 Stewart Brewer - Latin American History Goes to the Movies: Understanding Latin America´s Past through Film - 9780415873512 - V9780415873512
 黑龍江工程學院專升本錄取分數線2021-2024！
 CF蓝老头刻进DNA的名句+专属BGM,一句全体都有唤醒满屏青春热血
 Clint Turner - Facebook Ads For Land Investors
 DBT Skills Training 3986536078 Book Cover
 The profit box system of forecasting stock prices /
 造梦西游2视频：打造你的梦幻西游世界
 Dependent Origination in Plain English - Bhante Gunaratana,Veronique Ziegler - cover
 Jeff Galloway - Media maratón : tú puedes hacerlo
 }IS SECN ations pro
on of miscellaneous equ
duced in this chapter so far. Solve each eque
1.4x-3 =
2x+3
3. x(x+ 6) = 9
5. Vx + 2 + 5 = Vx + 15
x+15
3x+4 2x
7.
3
━━━━━━
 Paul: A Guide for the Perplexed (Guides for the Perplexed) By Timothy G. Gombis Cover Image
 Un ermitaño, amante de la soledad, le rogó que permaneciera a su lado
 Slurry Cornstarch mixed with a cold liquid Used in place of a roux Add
━━━━━━
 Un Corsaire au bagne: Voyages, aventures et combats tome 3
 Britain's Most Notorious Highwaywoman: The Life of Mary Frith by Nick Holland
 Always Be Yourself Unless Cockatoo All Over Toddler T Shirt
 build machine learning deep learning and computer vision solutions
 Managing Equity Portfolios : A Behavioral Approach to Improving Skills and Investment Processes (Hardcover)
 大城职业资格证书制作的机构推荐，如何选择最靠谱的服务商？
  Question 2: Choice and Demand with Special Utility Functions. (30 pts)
━━━━━━
_Problem to solve:_
Beginning with the line above that contains "Always Be Yourself", copy each line exactly up to and including the line that contains "大城职业资格证书制作的机构推荐，如何选择最靠谱的服务商？", and go no further.

_Written answer:_
 Always Be Yourself Unless Cockatoo All Over Toddler T Shirt
 build machine learning deep learning and computer vision solutions
 Managing Equity Portfolios : A Behavioral Approach to Improving Skills and Investment Processes (Hardcover)
 大城职业资格证书制作的机构推荐，如何选择最靠谱的服务商？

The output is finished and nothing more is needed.